DEFLECT: Delay-Robust Execution via Flow-matching Likelihood-Estimated Counterfactual Tuning for VLA Policies
For robotics practitioners deploying asynchronous VLA policies, DEFLECT provides a practical offline fix to latency-induced failures without requiring labels or online rollouts.
DEFLECT addresses prediction-execution misalignment in asynchronous VLA policies, where naive rollover collapses from 89% to under 1% success rate over 7 control steps. It achieves +6.4% success rate gain in high-latency regimes and +4.6% on real-scale VLA, with consistent improvements on real-robot tasks.
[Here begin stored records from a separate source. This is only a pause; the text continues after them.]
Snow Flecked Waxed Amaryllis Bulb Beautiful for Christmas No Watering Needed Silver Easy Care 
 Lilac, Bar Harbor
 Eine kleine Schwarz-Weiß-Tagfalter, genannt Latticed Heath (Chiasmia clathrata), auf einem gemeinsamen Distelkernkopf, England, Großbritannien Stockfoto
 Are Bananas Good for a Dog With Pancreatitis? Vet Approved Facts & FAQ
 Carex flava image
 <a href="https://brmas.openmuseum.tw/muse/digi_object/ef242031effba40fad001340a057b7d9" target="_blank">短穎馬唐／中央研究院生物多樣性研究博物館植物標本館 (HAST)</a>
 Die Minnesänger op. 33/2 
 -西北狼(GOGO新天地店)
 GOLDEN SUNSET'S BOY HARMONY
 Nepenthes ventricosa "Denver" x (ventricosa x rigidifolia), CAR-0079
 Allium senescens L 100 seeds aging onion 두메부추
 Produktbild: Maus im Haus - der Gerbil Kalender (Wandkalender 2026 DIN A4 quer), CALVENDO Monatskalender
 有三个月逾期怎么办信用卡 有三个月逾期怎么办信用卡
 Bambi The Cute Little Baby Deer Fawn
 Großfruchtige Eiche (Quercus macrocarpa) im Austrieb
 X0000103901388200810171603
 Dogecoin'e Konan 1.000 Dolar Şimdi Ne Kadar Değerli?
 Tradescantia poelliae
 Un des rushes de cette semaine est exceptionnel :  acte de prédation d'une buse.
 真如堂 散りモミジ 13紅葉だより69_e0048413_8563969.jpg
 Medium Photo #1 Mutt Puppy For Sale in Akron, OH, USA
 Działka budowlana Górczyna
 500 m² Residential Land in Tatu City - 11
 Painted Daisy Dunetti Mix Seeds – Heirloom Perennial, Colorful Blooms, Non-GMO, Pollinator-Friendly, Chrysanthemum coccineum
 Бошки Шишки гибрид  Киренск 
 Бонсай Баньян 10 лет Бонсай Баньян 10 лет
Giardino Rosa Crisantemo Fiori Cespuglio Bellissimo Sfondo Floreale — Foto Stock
Vision-Language-Action (VLA) policies are typically deployed with asynchronous inference: the robot executes a previously predicted action chunk while the model computes the next one. This creates a prediction-execution misalignment: the chunk is conditioned on the observation taken before inference began, but executes in a physical state that has already drifted forward by several control steps; naive asynchronous rollover collapses from 89% to under 1% on Kinetix as the inference cycle covers up to seven control steps. We introduce DEFLECT, a fully offline post-training refinement that applies as a near drop-in upgrade to existing async-VLA stacks by converting latency itself into a label-free preference signal: counterfactual fresh/stale action pairs are constructed from a frozen reference policy and scored under the deployment-time conditioning via an implicit flow-matching likelihood-ratio surrogate, with no human labels, reward models, or online rollouts. DEFLECT substantially extends the usable delay envelope of async VLA control, with +6.4 success-rate gain in the high-latency regime (5-7 control steps), +4.6 when transferred to a real-scale VLA at the longest delay, and consistent improvements on two real-robot tasks (a bimanual conveyor pick-and-place and a reactive whack-a-mole).